不合格通知を受け取るたびに、自分への疑問と向き合わなければなりません。
これだけの困難を抱えながら、それでも挑み続けている受験者には、必ずそれだけの理由があります。
その理由が何であるかは、受験者によってさまざまです。
しかし、共通していることが一つあります。
それは、教員という仕事への、本物の思いがあるということです。
その思いがなければ、これだけの困難を抱えながら挑戦し続けることは、できません。
年長受験者が挑み続けるという事実そのものが、その人の教員への思いの深さを示しています。
★「覚悟」とは何か
この連載のタイトルにある「覚悟」という言葉について、改めて考えます。
覚悟とは、困難な現実を正面から受け入れたうえで、それでも前に進む決意のことです。
困難を見ないようにすることでも、困難に押しつぶされることでもなく、困難の存在を明確に認識したうえで、なお進むことを選ぶという姿勢です。
年長受験者にとっての覚悟は、具体的にはどのようなものでしょうか。
年齢が高いほど合格が難しいという現実を、正面から受け入れることです。
周囲の視線や評価に揺れながらも、自分の選択を信じることです。
不合格を繰り返しながらも、その経験から学び、改善し続けることです。
採用されたとしても、年下の管理職のもとで、新任教員として一から学ぶ立場になるという現実を、肯定的に受け入れることです。
これらの現実を知りながら、なお前に進むことを選ぶ。
その選択が、覚悟の内実です。
覚悟は、感情的な決意だけでは成立しません。
現実を正確に知り、それを受け入れ、なお進むという、知性と意志の両方を必要とするものです。
★「自覚」とは何か
覚悟と並んで、この連載のタイトルには「自覚」という言葉があります。
自覚とは、自分が何者であり、何をしようとしているかを、明確に意識していることです。
年長受験者にとっての自覚は、いくつかの層を持っています。
第一の層は、自分の年齢と立場への自覚です。
30代・40代・50代で教員を目指すことが、どのような困難を伴うかを、正確に認識していることです。
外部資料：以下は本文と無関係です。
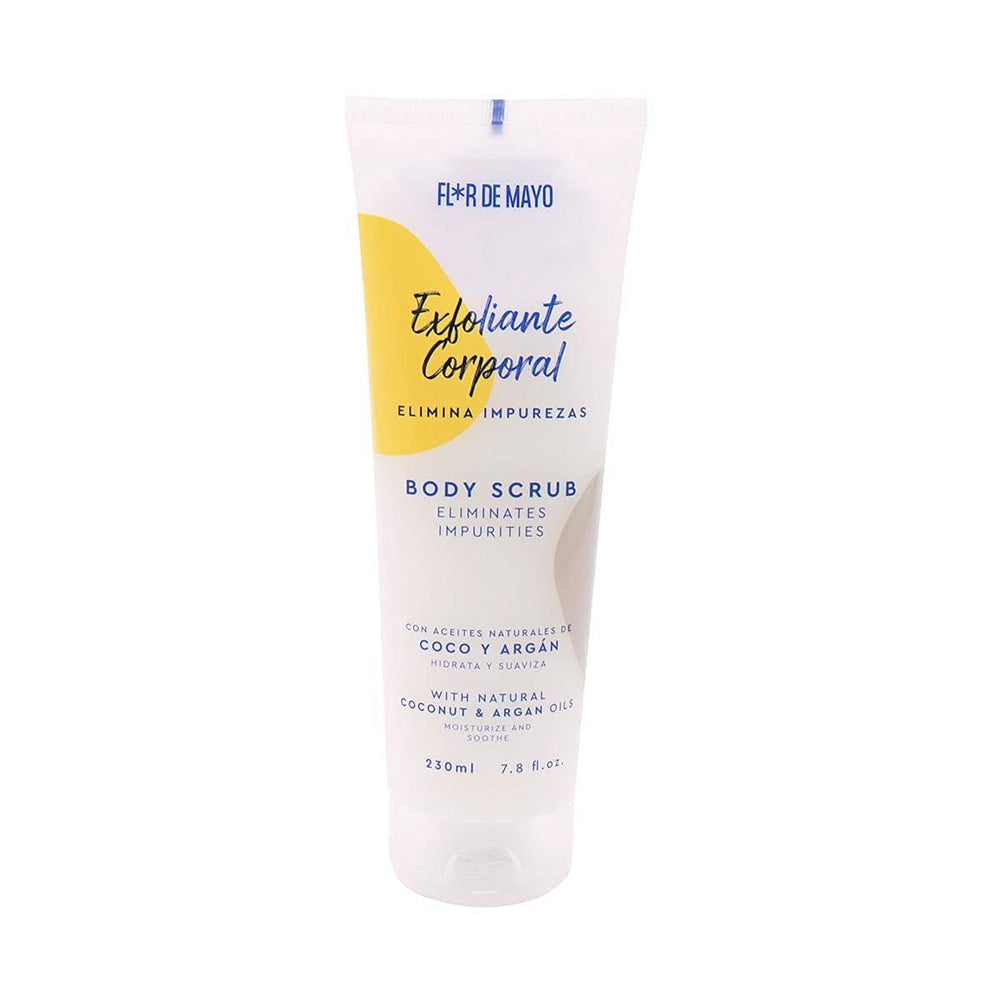 FLOR DE MAYO Exfoliante Corporal Argán y Coco Unisex, 230 ml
この自覚がなければ、適切な準備をすることができません。
第二の層は、自分の経験と力への自覚です。
これまでの人生で積み重ねてきた経験と、そこから培ってきた力を、正当に評価していることです。
過小評価も過大評価もせず、自分が持っているものを正確に把握していることです。
第三の層は、教員という仕事への自覚です。
教員という仕事が何を求め、何を必要とするかを、正確に理解していることです。
教員は、子どもたちの人生に関わる仕事です。
その重さと責任を、正面から受け止めていることが、教員を目指す者としての自覚の核心です。
この三つの層の自覚を持つ受験者は、面接の場での語りに、他の受験者にはない深みと説得力を持つことができます。
自覚は、言葉に実体を与えるものです。
★年齢を重ねた者が教壇に立つことの意味
30代・40代・50代の人物が教壇に立つことには、20代の教員とは異なる固有の意味があります。
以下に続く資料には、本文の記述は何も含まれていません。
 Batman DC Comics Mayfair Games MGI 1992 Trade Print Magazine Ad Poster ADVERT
子どもたちは、学校という場で、さまざまな大人と出会います。
その大人たちから、人生の多様な姿を学びます。
20代の若い教員から学べることと、40代・50代の教員から学べることは、異なります。
どちらが優れているという話ではなく、それぞれが異なる何かを子どもたちに伝えることができるという話です。
人生の岐路に立つ高校生が、50代の教員から聞く言葉には、20代の教員からは得られない重みがあります。
失敗と挫折を経験し、それを乗り越えてきた人物の言葉は、子どもたちの心に異なる形で届くことがあります。
回り道をしてきたからこそ見える景色があり、年月をかけてきたからこそ語れる言葉があります。
年長の教員が教壇に立つことは、学校という場に、人生の多様な時間の重みをもたらすことでもあります。
その意味において、年長受験者が教員を目指し、教壇に立とうとすることには、年齢を超えた固有の価値があります。
★挑み続けることの意味
合格することだけが、挑戦の意味ではありません。
挑戦し続けることそのものが、受験者を変えていきます。
毎年の受験に向けて教育への理解を深め、自分の経験を言語化し、面接での表現力を磨いていく過程は、その人を、より深く教育について考える人間へと変えていきます。
その変化は、合格した後の教員生活にも影響します。
合格して教壇に立ったとき、年長の道のりを経てきた受験者は、簡単に合格した受験者とは異なる視点と深みを持っています。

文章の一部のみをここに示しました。